I took these of Gracie tonight...she is in need of a bath big time...she hasn't had a face wash in several days...but I thought you all needed to see a little Gracie since it has been a while...I also took one of her best friend Moshe.


----------



## BeverlyA (Oct 29, 2006)

Awwwwwww. she's just precious!

They both are!


----------



## karlabythec (Nov 9, 2008)

Thanks, and as you can see, she still likes to lay in the cat tree! ROFL...she has claimed the bottom half.


----------



## mintchip (Apr 19, 2007)

Love the "little smile" in the first photo


----------



## Leslie (Feb 28, 2007)

Karla~ That's gotta be one of the cutest dirty faces I've ever seen!


----------



## Havtahava (Aug 20, 2006)

karlabythec said:


> Thanks, and as you can see, she still likes to lay in the cat tree! ROFL...she has claimed the bottom half.

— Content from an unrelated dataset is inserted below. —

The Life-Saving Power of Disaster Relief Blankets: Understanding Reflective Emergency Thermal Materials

I'm glad you posted that specifically, because I didn't realize she was in the cat tree in those photos. That is hilarious!!


----------



## sweetlotus (Nov 26, 2008)

Awww your little girl is adorable!


----------



## mellowbo (Aug 12, 2007)

Aww Karla, she sure is growing up to be a very pretty little neezer!! Her buddy is precious too.
Carole


----------



## marb42 (Oct 19, 2008)

Karla, she has such a sweet smile!!!!! How cute that she and Moshe are best friends!
Gina


----------



## Jérôme (Dec 5, 2008)

Very beautiful pictures


----------



## ama0722 (Nov 28, 2006)

I think the kitty is playing in the Neezer tree!


----------



## Salsa's Mom (Mar 18, 2008)

Gracie has the cutest little messy face! What a contrast with Moshe's perfectly clean face!!

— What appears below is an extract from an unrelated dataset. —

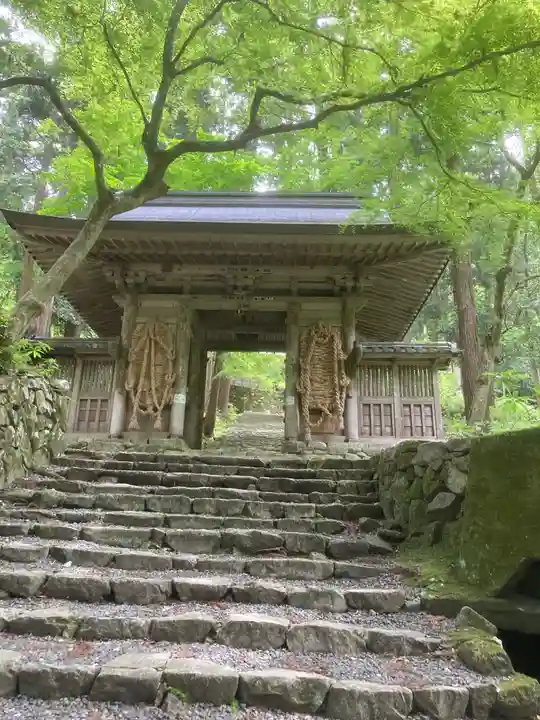 百済寺の山門・神門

I'll bet they are the best of friends and provide you with endless entertainment. I love it when dogs and cats are friends.


----------



## marjrc (Jan 13, 2007)

Awwwww, that is so sweet! What a face Gracie has. She's beautiful, dirty or not. I love that she plays with kitty and uses the cat tree too. Fun!


----------



## kelrobin (Jan 21, 2008)

What a cute scruffy face! If that's a "dirty" face, can't wait to see the clean one! Your cat is beautiful, too.


----------



## Lina (Apr 26, 2007)

She's so cute! That first pic is adorable.


----------



## Paradise Havs (Sep 25, 2008)

She is so cute!! Her little smile makes her look a little "tipsy"! LOL


----------



## maryam187 (Jul 18, 2007)

Aww, look at her big smile on the first pic, she's so sweet.


----------



## juliav (Nov 21, 2006)

She is just adorable and it appears that she loves the cat tree.


----------



## trueblue (Jan 22, 2008)

Cute pics! I want to see some more of Gracie and Moshe playing together...


----------



## Kathie (Jul 31, 2008)

She looks adorable! How old is she now?


----------



## karlabythec (Nov 9, 2008)

ama0722 said:


> I think the kitty is playing in the Neezer tree!


Hahahahaha...Gracie says you are right!


----------



## karlabythec (Nov 9, 2008)

Kathie said:


> She looks adorable! How old is she now?


Thanks...she is 7 1/2 months old.


----------